* Task goal *
Reproduce the listing word for word, leaving every picture behind.

════════════════════

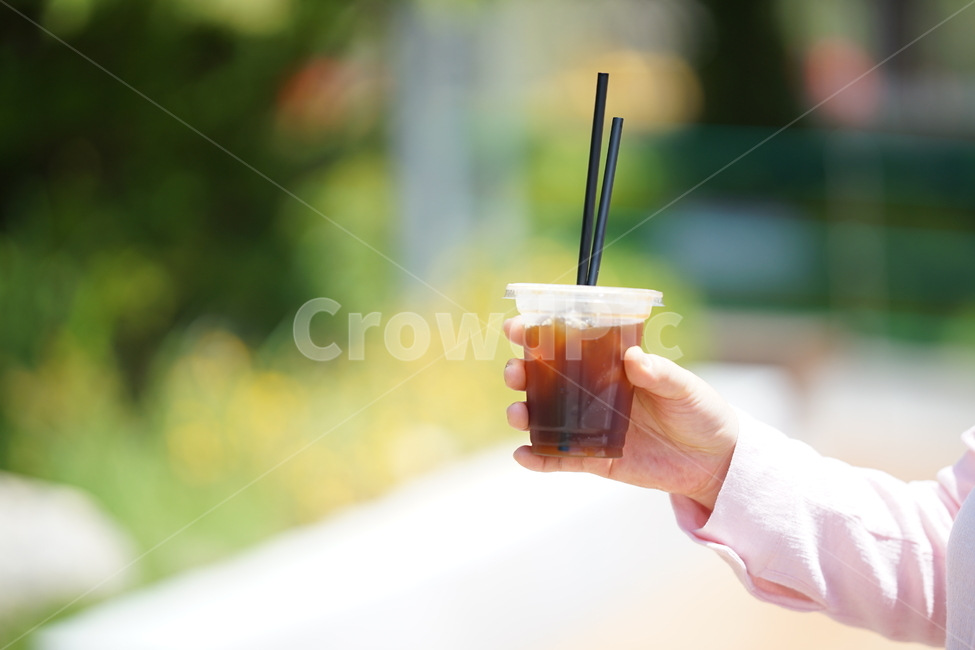 커피,아메리카노,음료,디저트,후식,더위,여름,둘,빨대,아이스,얼음,마실거리,ice,사람,인물,인간,human,person,신체일부,몸,body,커피,카페,coffee,cafe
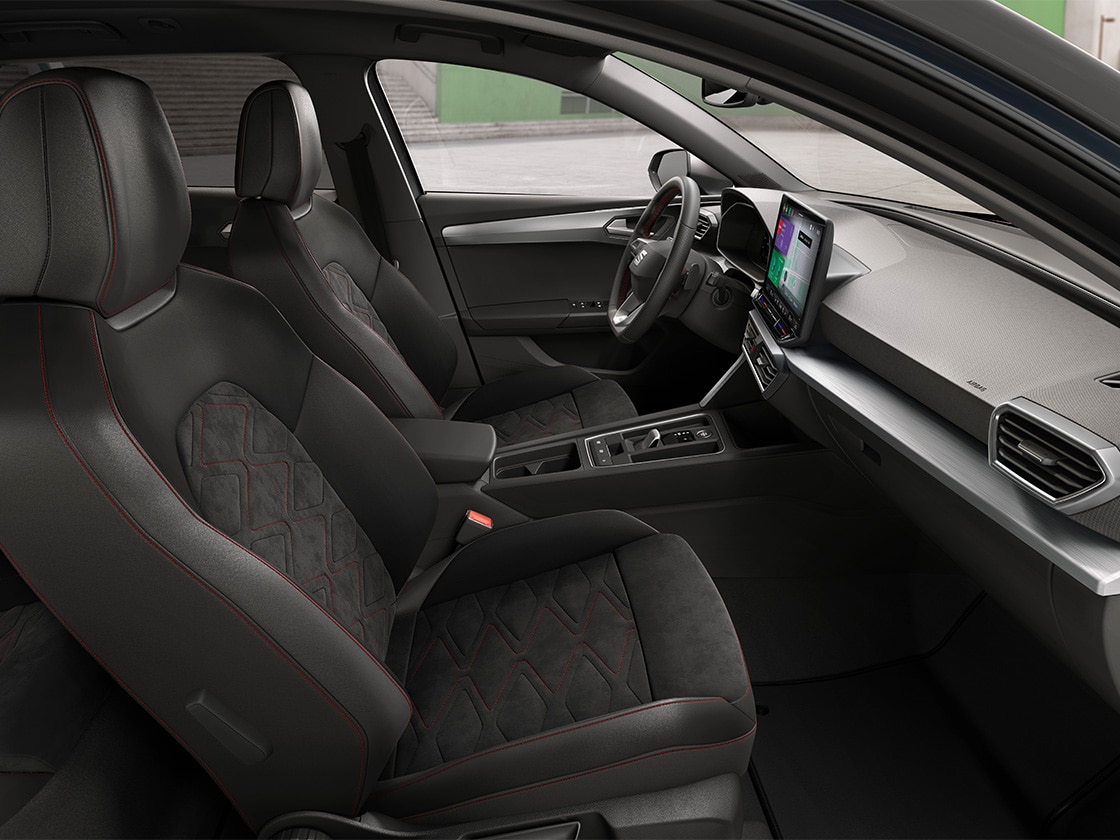 Interior view of SEAT Leon showcasing Dynamic® Sports Seats, designed for maximum support and a sporty, refined driving experience.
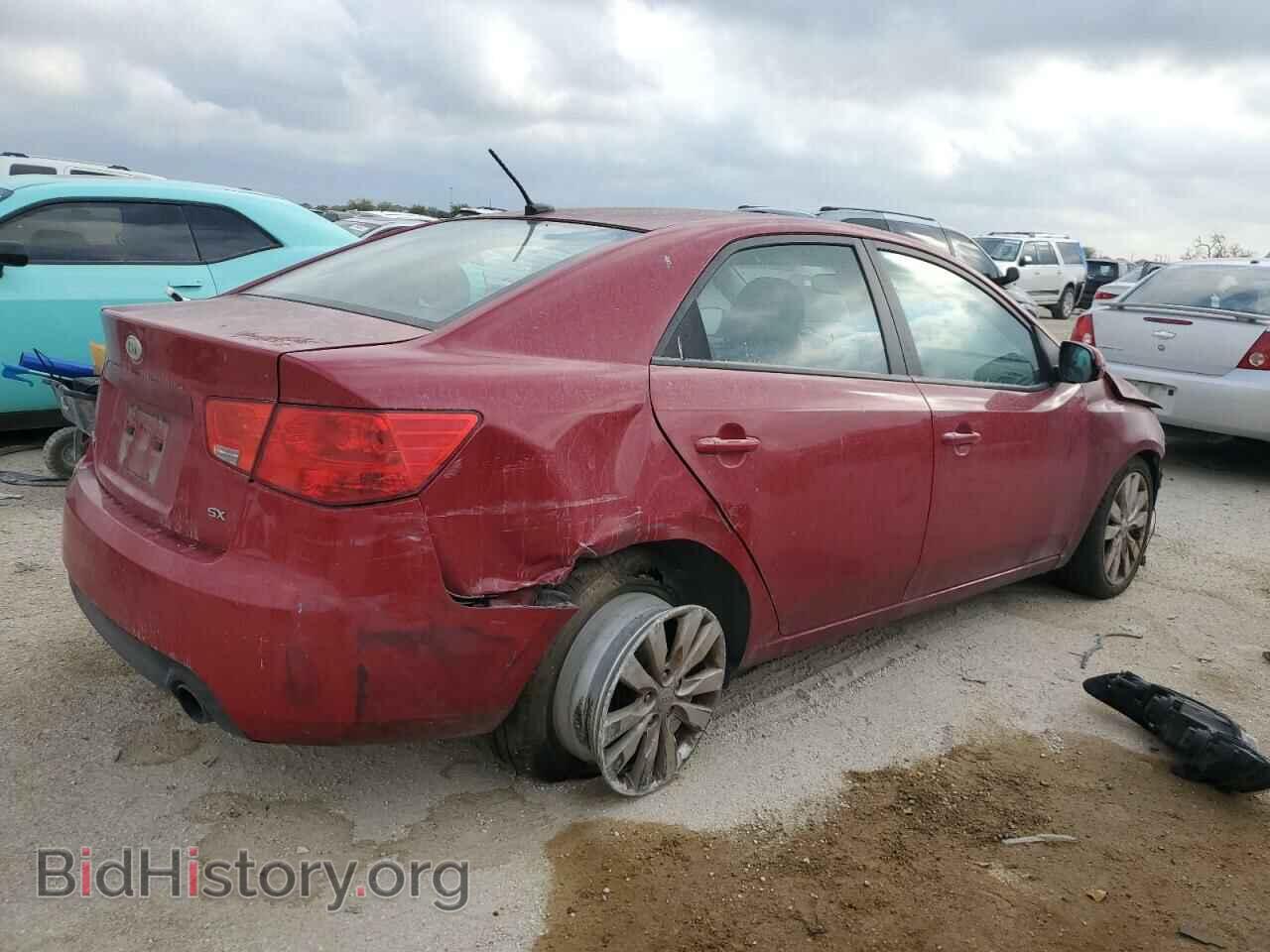 2013 KIA FORTE - VIN: KNAFW4A34D5678104 - Фото 3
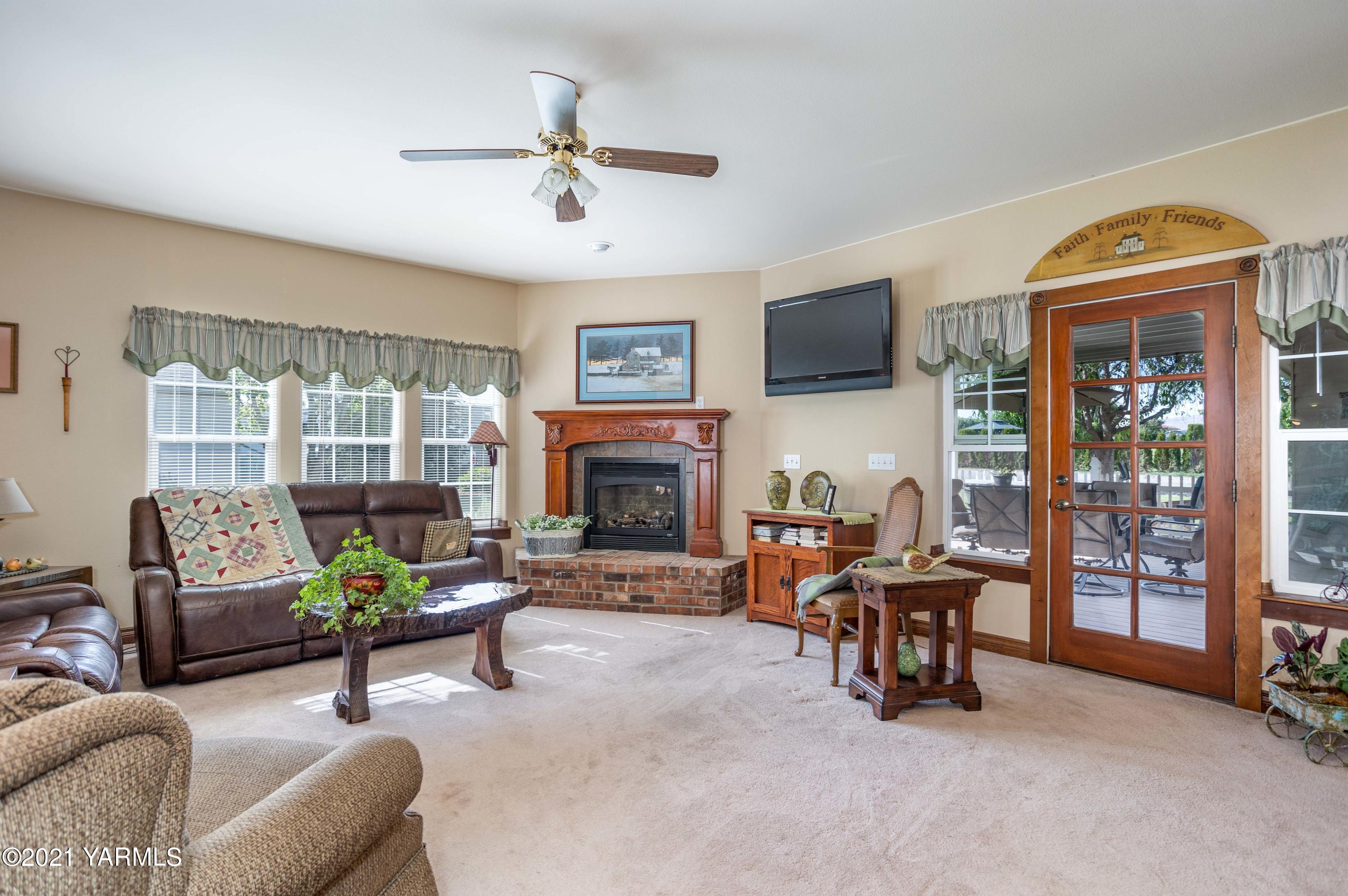 3131 Scoon Road Sunnyside, WA 98944 - Photo 5 of 33 a living room with furniture and a fireplace
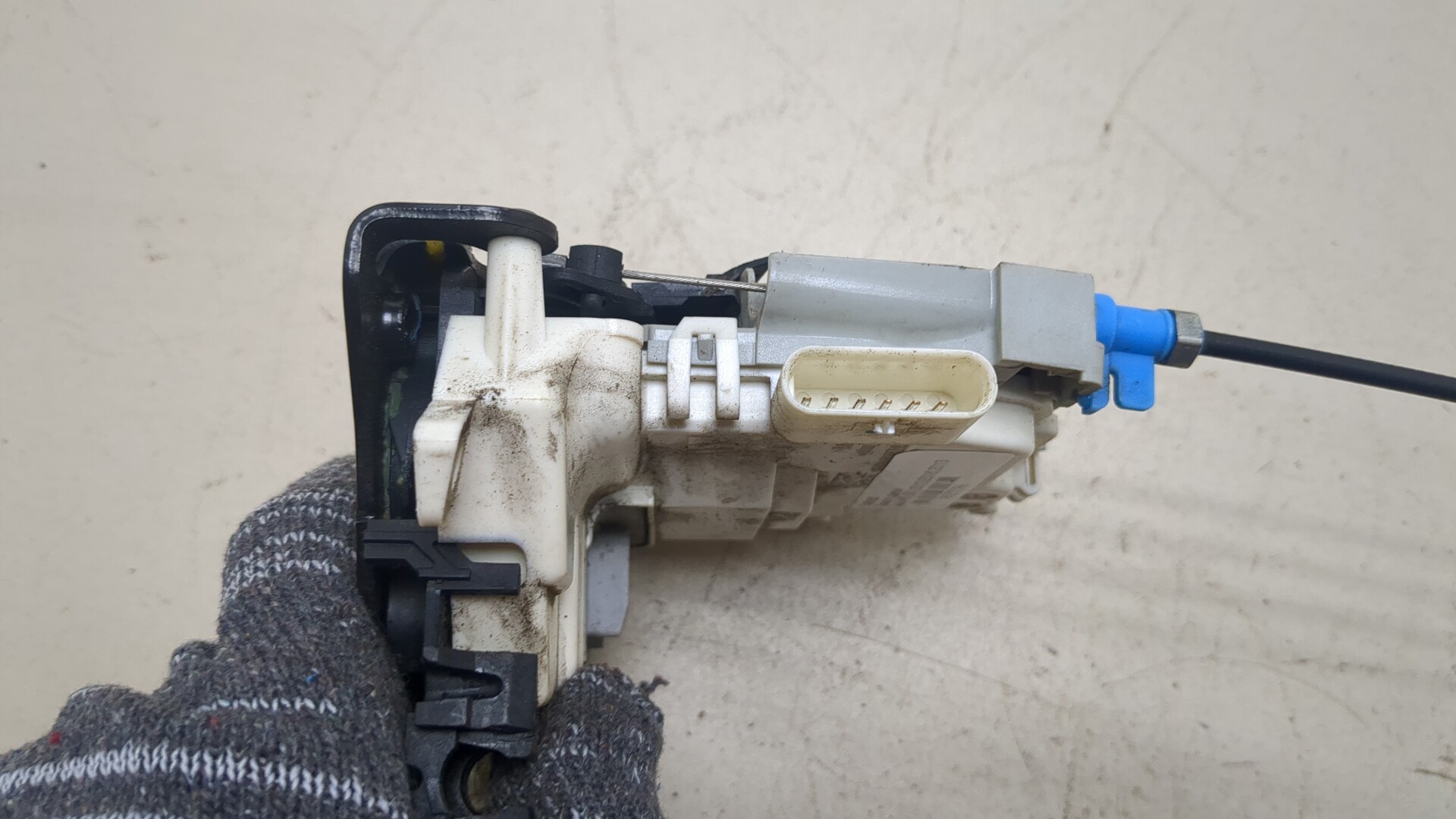 Замок двери передней левой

════════════════════

* Response box *
 커피,아메리카노,음료,디저트,후식,더위,여름,둘,빨대,아이스,얼음,마실거리,ice,사람,인물,인간,human,person,신체일부,몸,body,커피,카페,coffee,cafe
 Interior view of SEAT Leon showcasing Dynamic® Sports Seats, designed for maximum support and a sporty, refined driving experience.
 2013 KIA FORTE - VIN: KNAFW4A34D5678104 - Фото 3
 3131 Scoon Road Sunnyside, WA 98944 - Photo 5 of 33 a living room with furniture and a fireplace
 Замок двери передней левой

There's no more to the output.